Silence and Mortality

No more words! A funny thing for a writer to demand. Not for an artist or a composer, necessarily. But it’s a strange call coming from an author, who obviously depends on words for his/her brick and mortar.

Silence. The fear of. The desire for. The demand, the scream, the crying out loud. Stop!!!

    “Whereof one cannot speak, thereof one must be silent.”

    — Ludwig Wittgenstein

    “The silence of these infinite spaces frightens me.”

    — Blaise Pascal

When asked the fourteen unanswerable questions, the Buddha remained silent.

Chatter. Is it an escape from mortality? Do we talk, write, think in language to avoid silence? And do we associate silence, consciously, unconsciously, with death?

If we remain silent, and do everything we can to avoid thinking in language, but still hear other humans, we can not avoid thinking in words.
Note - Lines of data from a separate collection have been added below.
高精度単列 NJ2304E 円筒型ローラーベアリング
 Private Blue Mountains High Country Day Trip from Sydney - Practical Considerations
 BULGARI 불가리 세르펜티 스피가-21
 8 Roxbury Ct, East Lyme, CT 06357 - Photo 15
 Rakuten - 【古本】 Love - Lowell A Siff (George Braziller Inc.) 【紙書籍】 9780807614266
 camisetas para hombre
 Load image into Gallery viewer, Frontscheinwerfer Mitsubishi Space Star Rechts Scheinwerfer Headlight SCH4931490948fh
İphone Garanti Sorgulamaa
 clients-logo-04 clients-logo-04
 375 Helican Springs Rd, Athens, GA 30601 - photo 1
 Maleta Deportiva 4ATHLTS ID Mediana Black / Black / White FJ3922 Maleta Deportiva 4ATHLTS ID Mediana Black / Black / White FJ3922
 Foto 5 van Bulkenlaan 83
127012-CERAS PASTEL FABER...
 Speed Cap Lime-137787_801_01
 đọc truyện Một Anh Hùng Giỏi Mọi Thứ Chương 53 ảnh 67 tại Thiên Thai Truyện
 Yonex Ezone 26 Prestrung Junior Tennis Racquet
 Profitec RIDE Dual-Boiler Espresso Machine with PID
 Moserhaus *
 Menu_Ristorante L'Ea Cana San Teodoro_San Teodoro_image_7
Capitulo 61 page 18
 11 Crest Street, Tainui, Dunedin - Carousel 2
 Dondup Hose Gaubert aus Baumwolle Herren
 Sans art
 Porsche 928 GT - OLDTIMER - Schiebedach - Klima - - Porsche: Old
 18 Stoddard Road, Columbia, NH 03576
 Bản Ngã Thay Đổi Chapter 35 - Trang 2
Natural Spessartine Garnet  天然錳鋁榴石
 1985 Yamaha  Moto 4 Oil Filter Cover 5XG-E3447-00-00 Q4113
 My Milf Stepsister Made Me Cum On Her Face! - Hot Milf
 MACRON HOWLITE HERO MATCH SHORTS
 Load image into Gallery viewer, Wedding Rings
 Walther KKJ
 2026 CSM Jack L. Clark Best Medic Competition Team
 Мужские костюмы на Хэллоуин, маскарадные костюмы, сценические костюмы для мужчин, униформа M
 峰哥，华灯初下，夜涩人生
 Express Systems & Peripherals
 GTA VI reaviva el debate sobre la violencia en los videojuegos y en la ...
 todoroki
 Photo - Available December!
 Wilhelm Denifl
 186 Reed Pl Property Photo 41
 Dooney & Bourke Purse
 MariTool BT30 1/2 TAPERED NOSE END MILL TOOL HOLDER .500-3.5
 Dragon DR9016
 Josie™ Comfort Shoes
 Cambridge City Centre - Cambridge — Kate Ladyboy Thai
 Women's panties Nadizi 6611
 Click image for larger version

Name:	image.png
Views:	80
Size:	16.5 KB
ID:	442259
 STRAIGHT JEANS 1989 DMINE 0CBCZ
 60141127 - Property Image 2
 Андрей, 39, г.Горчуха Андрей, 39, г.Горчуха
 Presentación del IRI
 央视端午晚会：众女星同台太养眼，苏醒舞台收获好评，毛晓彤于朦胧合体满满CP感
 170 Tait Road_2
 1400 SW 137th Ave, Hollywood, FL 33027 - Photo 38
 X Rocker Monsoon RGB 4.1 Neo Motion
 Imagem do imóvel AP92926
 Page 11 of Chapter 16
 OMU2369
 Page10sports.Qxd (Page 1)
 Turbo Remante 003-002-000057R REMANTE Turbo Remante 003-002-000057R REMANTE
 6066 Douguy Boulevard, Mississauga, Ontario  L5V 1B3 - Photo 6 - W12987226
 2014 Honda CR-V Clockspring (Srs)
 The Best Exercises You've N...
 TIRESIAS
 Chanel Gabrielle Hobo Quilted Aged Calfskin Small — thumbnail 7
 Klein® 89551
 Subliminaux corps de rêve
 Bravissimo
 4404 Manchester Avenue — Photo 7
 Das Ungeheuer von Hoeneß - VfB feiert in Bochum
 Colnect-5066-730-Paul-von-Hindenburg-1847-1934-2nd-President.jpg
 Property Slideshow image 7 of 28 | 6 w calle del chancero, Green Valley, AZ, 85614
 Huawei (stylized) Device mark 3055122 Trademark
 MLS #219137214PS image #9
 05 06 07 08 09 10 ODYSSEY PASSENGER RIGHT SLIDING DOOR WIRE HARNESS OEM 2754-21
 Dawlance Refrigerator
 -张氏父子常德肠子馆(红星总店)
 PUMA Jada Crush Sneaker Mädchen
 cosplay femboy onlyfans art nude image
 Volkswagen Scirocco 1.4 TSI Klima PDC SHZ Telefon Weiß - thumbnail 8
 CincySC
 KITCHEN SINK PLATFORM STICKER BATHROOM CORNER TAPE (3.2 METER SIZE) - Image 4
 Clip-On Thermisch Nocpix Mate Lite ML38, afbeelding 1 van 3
But we can take a break, and extend that as far as our strength carries us, if we concentrate on music, on each note, on the harmonies between them, on their relationship to one another, on their rise and fall. We can extend that break if we go out into nature and listen to the wind swooshing through the trees and over the tall grass and concentrate on nothing but our senses, without words, without language. And we can’t think about thinking. Or not thinking. We can not carry out a meta-commentary on our lack of commentary.

Art. Images. If we just look . . . and feel the image in our minds, we can also avoid language and remain silent. We can’t critique or review. We can only see and feel. Perhaps, be the image, connect with it on its own terms and to each part of it.

 

*     *      *     *     *

 

Conflicts and paradoxes. The desire to escape from language and into a certain kind of silence. A desire to escape from death in life, not from life itself.